A differenza dei semplici tifosi, il “modello ultrà” si caratterizza per una continua ricerca di differenziazione e di competizione estrema con le tifoserie concorrenti. Gli ultrà più che alla partita in sé, infatti, sono interessati ai riti e alle pratiche del tifo, con ostilità e freddezza. Il tifo non serve, peraltro, solo per aiutare la propria squadra a vincere, ma anche per intimidire e aggredire la tifoseria avversaria. In ambito sportivo, gli ultrà rappresentano in genere il gruppo di riferimento che consente al singolo soggetto di esprimere con sicurezza la propria autoaffermazione identitaria di cui sopra o, in alcuni casi, la propria rabbia sociale (Balestri & Viganò, 2004).
All’interno di contesti festosi e momenti di aggregazione collettiva come gli stadi, d’altronde, gli individui si liberano dalla propria maschera sociale per identificarsi con gli scopi del gruppo di cui fanno parte. Gli ultrà, essendo caratterizzati da competizione, aggressività e autoaffermazione identitaria, in questa costante ricerca di autoaffermazione personale, finiscono per essere il campo sociale prediletto per manifestazioni inelaborate di rabbia e violenza degli individui (Russo, 2016) southafrica-ed.com.
La prevenzione sociale del tifo violento
Le ragioni sopra esposte, alla base della violenza degli stadi, ammettono il fenomeno gruppale come valore esplicativo nel processo identitario di un individuo socialmente fragile. Di conseguenza, l’oscuramento dell’individualità a favore dell’identità di gruppo, fa riemergere il ruolo della motivazione individuale nel riappropriarsi delle responsabilità frammentate di origine sociale ed etica (Bianco, 2007).

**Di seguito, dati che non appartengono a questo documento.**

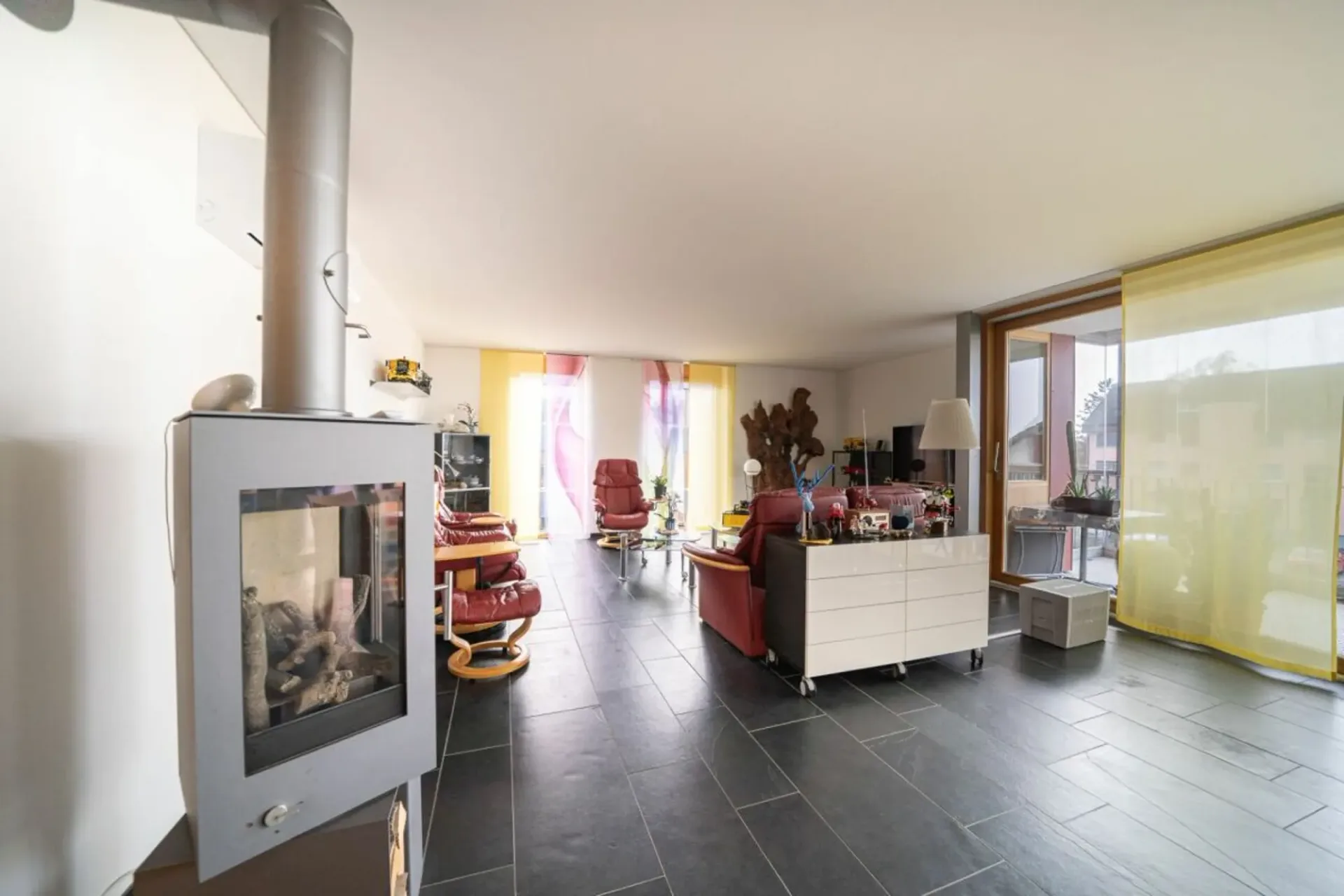 Sonnige 4.5-Zimmer-Wohnung mit viel Komfort und Rhein-Nähe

Per la prevenzione sociale del tifo violento, pertanto, più che agire sul fenomeno gruppale in sé, attraverso metodi punitivi o coercitivi che non farebbero altro che inasprire le stesse rabbie sociali portate alla luce dal tifo violento, occorre agire sul singolo individuo. In particolare, identificare le ragioni psicologiche e sociali e alla base della rabbia e intervenire con strategie di riaffermazione dell’identità individuale.

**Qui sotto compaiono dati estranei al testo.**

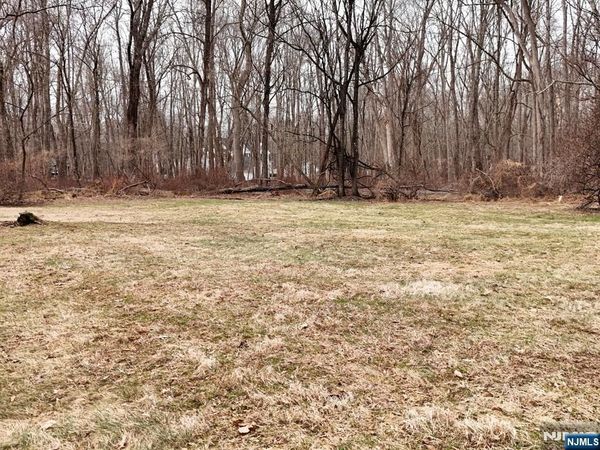 100 Brookside Road, RAMSEY, NJ 07446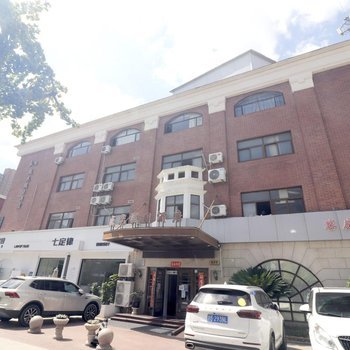 上海盛光假日酒店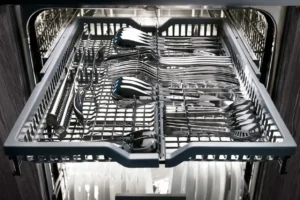 چرا ماشین ظرفشویی قاشق تمیز نمیشوره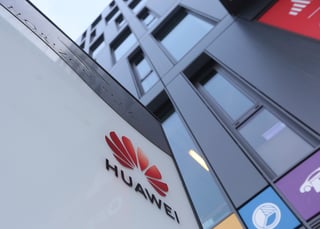 Caso. Agentes de seguridad catearon las oficinas en Varsovia de Huawei.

Alcuni parlano, a tal proposito, di “strategie psicosociali dell’esistere” (Bianco, 2007). Ricondurre, in altre parole, la violenza nei binari dell’eticità e della responsabilità, agendo sul singolo individuo e sulle motivazioni inconsce che lo spingono a mettere in atto comportamenti violenti (Bianco, 2007).
Bibliografia
Balestri, C., Viganò, G. (2004). Gli ultrà: origini, storia e sviluppi recenti di un mondo ribelle, Quaderni di Sociologia, 34.

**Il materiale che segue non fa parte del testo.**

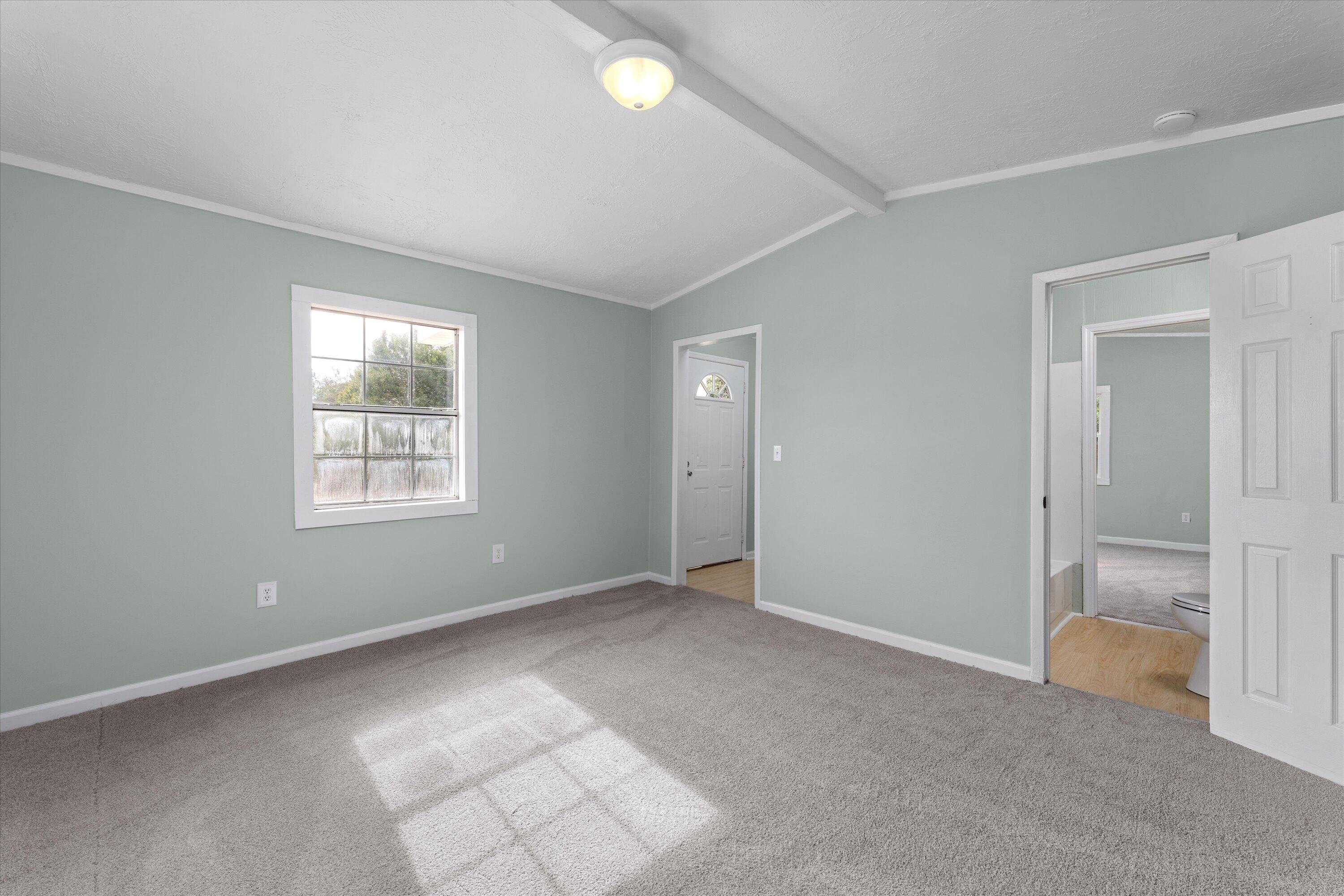 2117 MONCRIEFF Street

Bianco, F. (2007). Violenza senza limiti: l’onnipotenza di gruppo e la violenza negli stadi, Psychofenia, X, 16.
Castelfranchi, C., Miceli, M. (2002). Architettura della mente: scopi, conoscenze e loro dinamica, Bollati Boringhieri, Torino.
Maniglio, R. (2006). Tifosi e ultras: un modello cognitivo del tifo e della violenza, Cognitivismo Clinico, 3, 1.
Russo, A. (2016). Identità e rappresentazione sociale delle tifoserie/ultras: un’analisi sociologica, Rivista di Criminologia, Vittimologia e Sicurezza, X, 1.
Simons, Y, Taylor, J. (1992). A psychosocial model of fan violence in sports, International Journal of Sport Psychology, 23.